### What you will do:
Only one stretch of lines is wanted: the line with "Pot Să Consum" through the final line of the material. Restate it word for word, minus pictures.

### Input for this task:
============

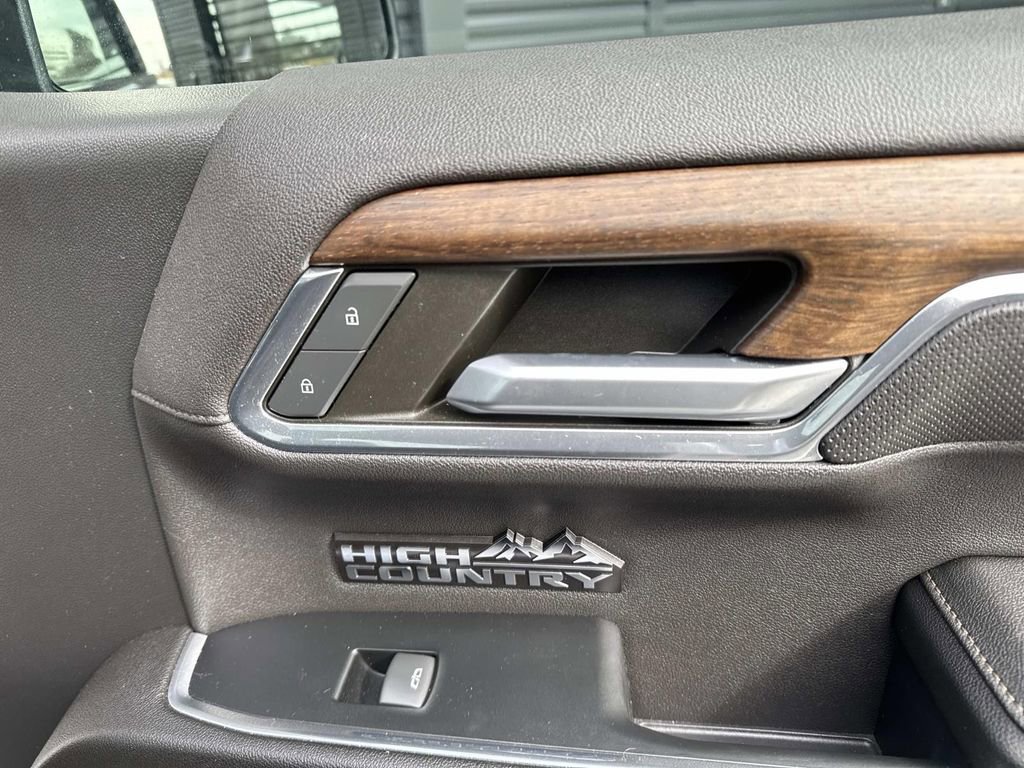 Used 2023 Chevrolet Silverado 1500 High Country image 20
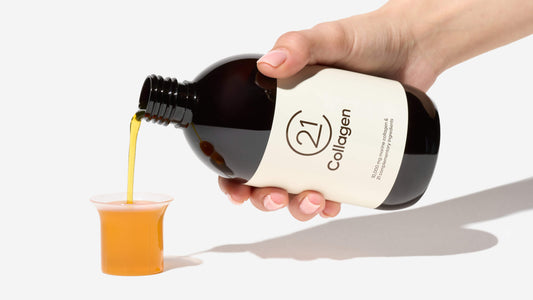 Pot Să Consum Colagen în Fiecare Zi? - 21Collagen.com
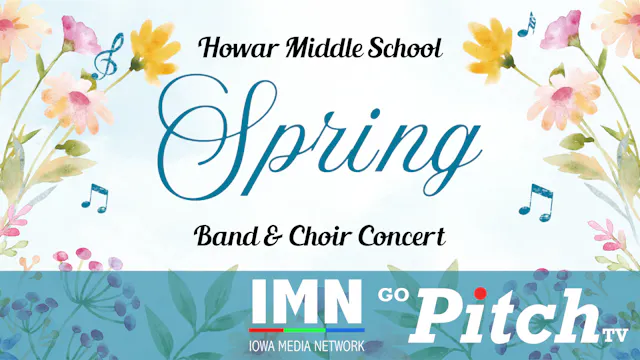 Centerville - Howar Middle School Ban...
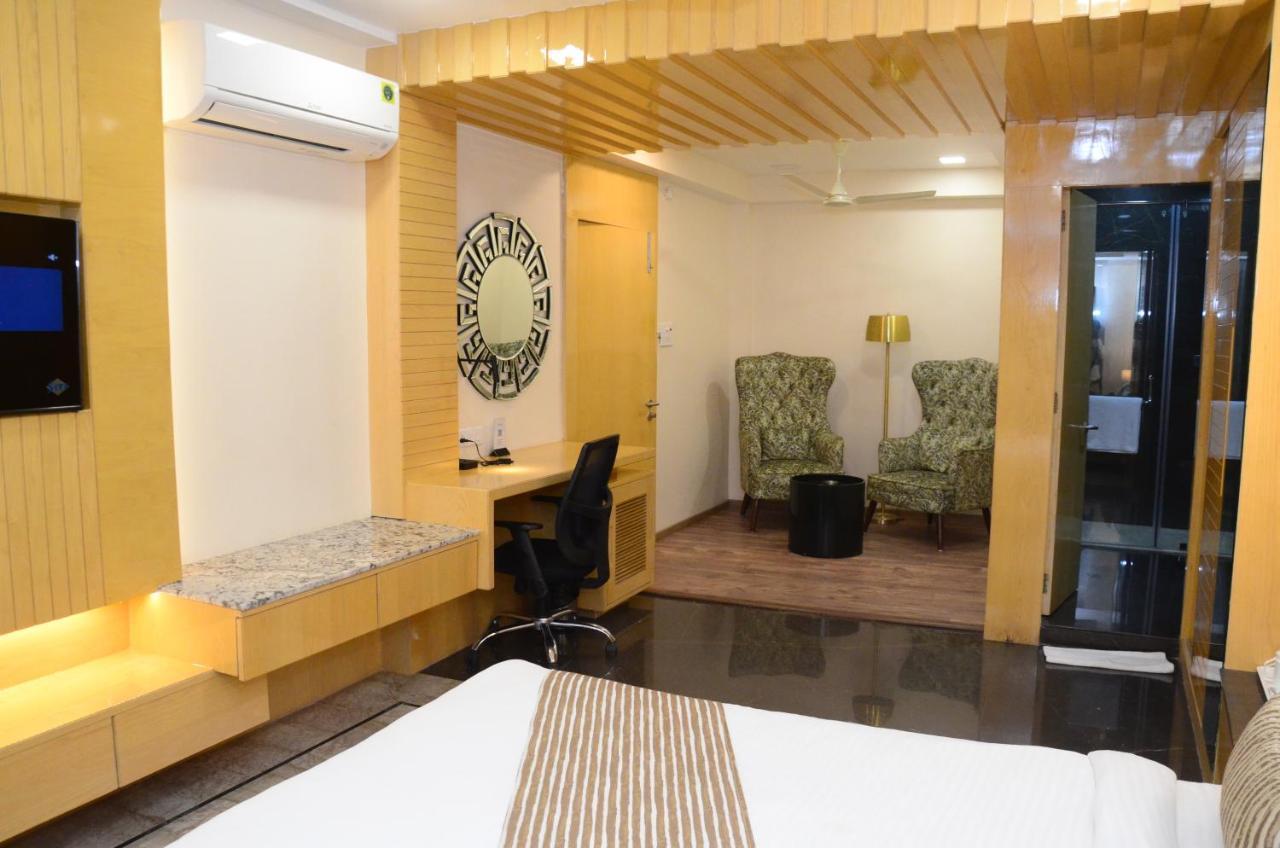 Crytsal Residency Hotell Ranchi Eksteriør bilde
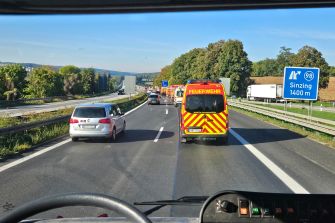 Drei Tage im Zeichen des Katastrophenschutzes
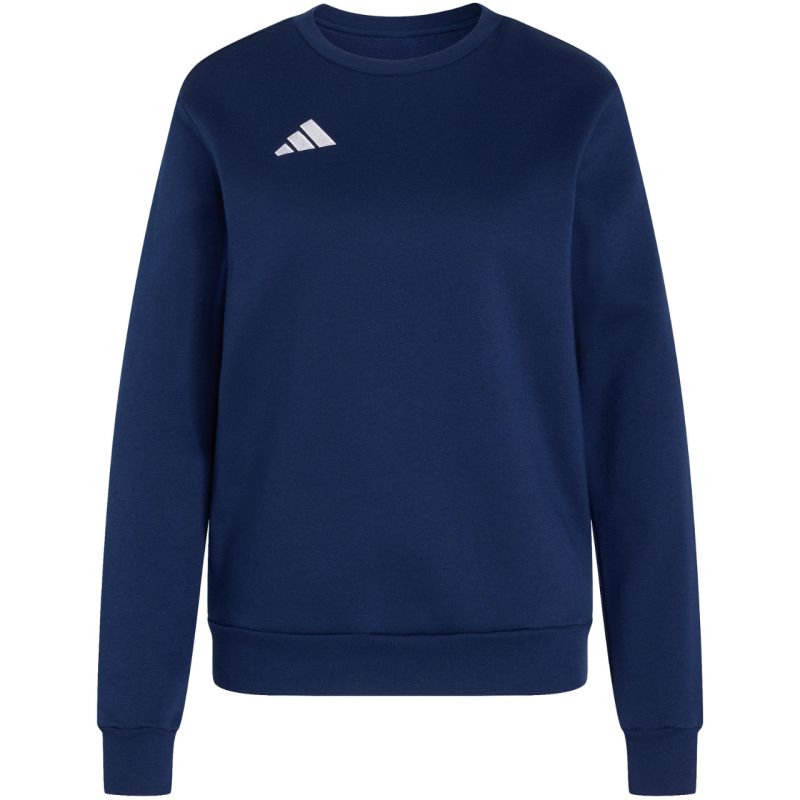 Women's adidas Entrada 26 Sweat Top navy blue KB3952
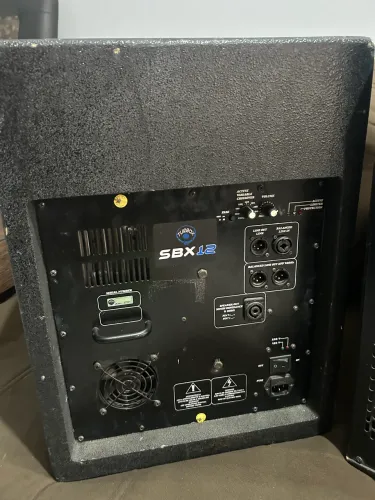Sub Turbox vendo o par um ativo e um passivo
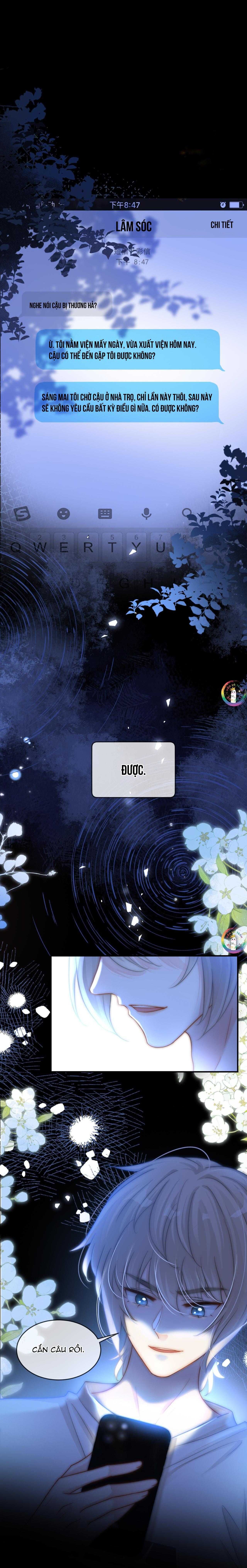 Nam Thần Bá Đạo Cầu Xin Tôi Quay Lại Chap 56 - Next Chap 57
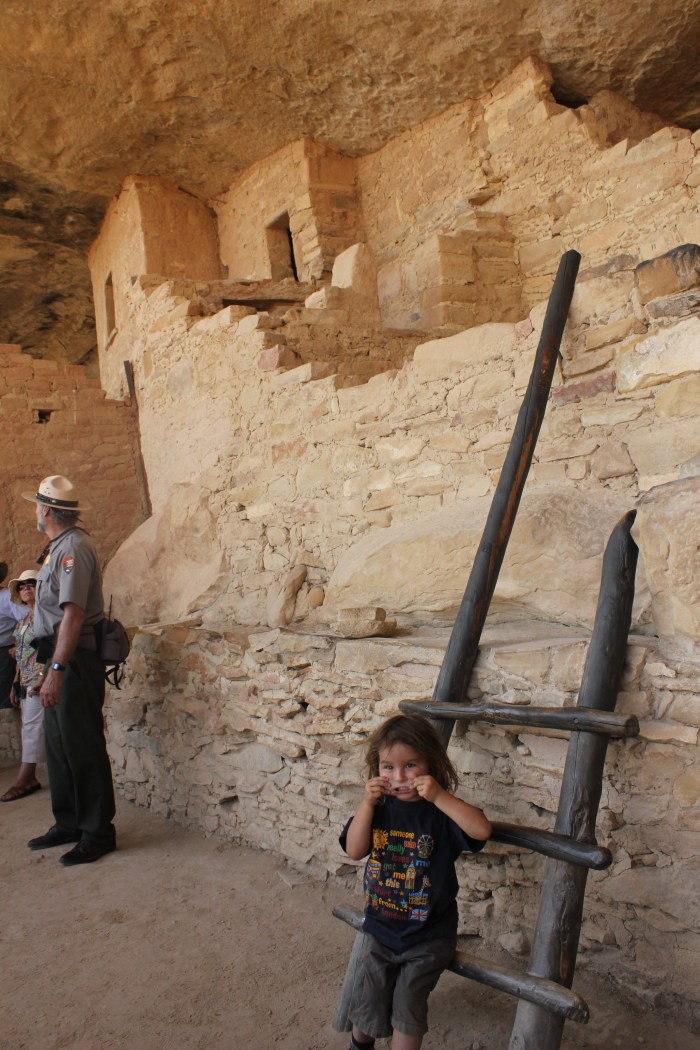 30 August 2012 - Mesa Verde National Park - Colorado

============

### Your solution:
 Pot Să Consum Colagen în Fiecare Zi? - 21Collagen.com
 Centerville - Howar Middle School Ban...
 Crytsal Residency Hotell Ranchi Eksteriør bilde
 Drei Tage im Zeichen des Katastrophenschutzes
 Women's adidas Entrada 26 Sweat Top navy blue KB3952
Sub Turbox vendo o par um ativo e um passivo
 Nam Thần Bá Đạo Cầu Xin Tôi Quay Lại Chap 56 - Next Chap 57
 30 August 2012 - Mesa Verde National Park - Colorado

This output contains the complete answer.